Mahara.org users have recently witnessed the unfortunate effects of a bug in the Mahara event handling: the Mahara cron job got stuck in an email loop and kept on sending the same forum post over and over again.

Here is what the affected code used to look like (edited for clarity):

db_begin();  
$activities = get_records('activity_queue');  
foreach ($activities as $activity) {  
  handle_activity($activity);  
}  
delete_records('activity_queue');  
db_commit();

One of the problems with this code was that if the handle_activity() function threw an exception, it would interfere with the processing of the entire queue. So it got fixed in the following way:

db_begin();  
$activities = get_records('activity_queue');  
foreach ($activities as $activity) {  
  try {  
      handle_activity($activity);  
  }  
  catch (MaharaException $e) {  
      log_debug($e->getMessage());  
  }  
}  
delete_records('activity_queue');  
db_commit();

Much better. However, there was still a problem with the code: the whole queue processing is contained within a transaction. This means that should any of the SQL statements fail at any point, the exception would be caught but the SQL statements would all be rolled back at the end by the database.

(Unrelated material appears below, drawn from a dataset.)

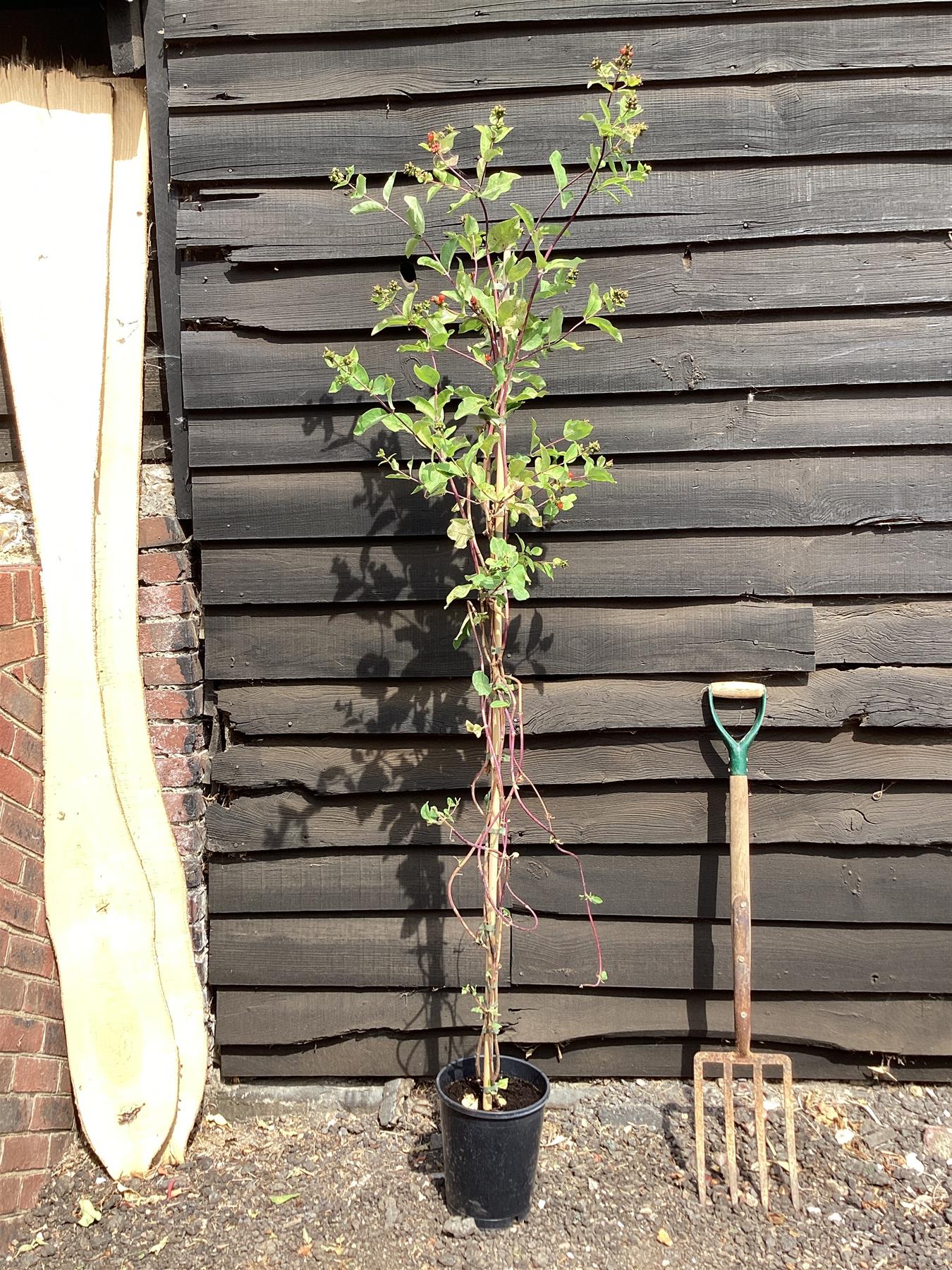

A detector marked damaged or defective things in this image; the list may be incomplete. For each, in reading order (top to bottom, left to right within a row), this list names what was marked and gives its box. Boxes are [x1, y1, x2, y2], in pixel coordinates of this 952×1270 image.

rusty metal fork head [695, 1046, 802, 1214]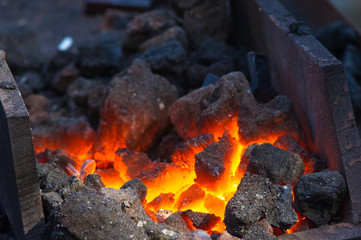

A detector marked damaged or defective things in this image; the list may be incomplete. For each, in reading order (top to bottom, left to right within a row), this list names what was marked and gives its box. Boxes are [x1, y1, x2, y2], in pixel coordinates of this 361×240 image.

rusty metal edge [0, 49, 44, 239]
rusty metal edge [231, 0, 360, 227]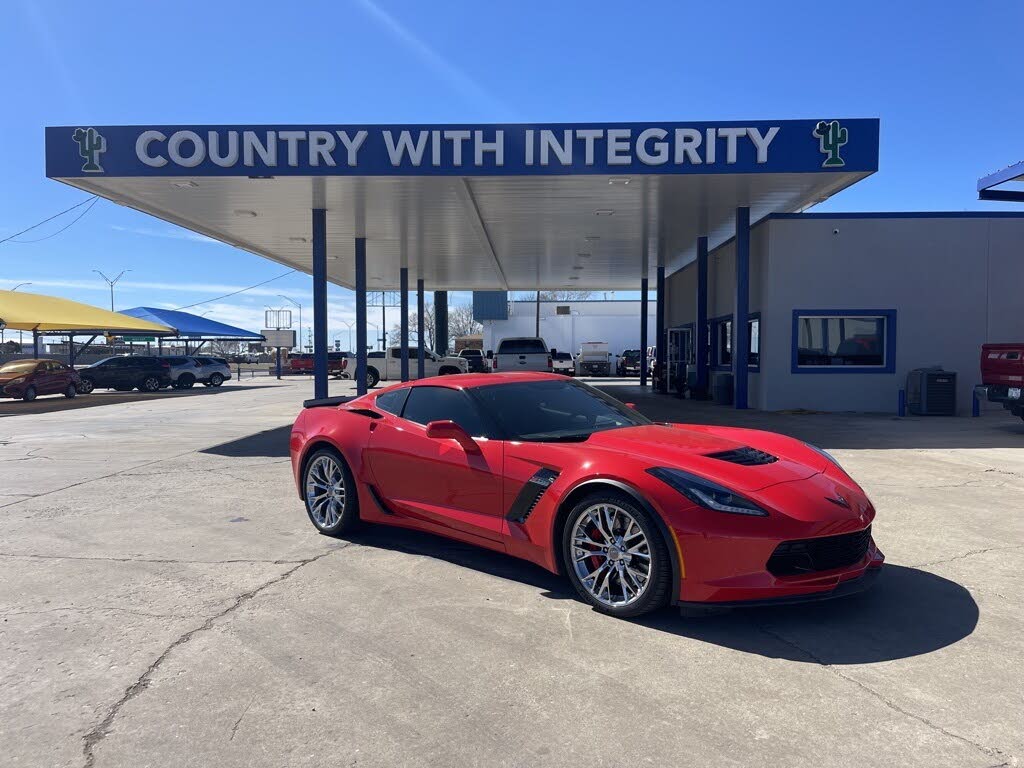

Now the idea of a transaction is good: we want activity handling to either succeed entirely or be rolled back. But the fact that some activities cannot be handled should not interfere with other activities. So this has been fixed by moving the transaction to the inside of the loop:

$activities = get_records('activity_queue');  
foreach ($activities as $activity) {  
  db_begin();  
  try {  
      handle_activity($activity);  
  }  
  catch (MaharaException $e) {  
      log_debug($e->getMessage());  
  }  
  db_commit();  
}  
delete_records('activity_queue');

So individual activites are allowed to fail and get rolled back, but they will not affect other activites. But there was still one remaining problem: what if we encounter an error we cannot catch? For example, what would happen if PHP were to segfault or run out of memory while the activity queue is being processed?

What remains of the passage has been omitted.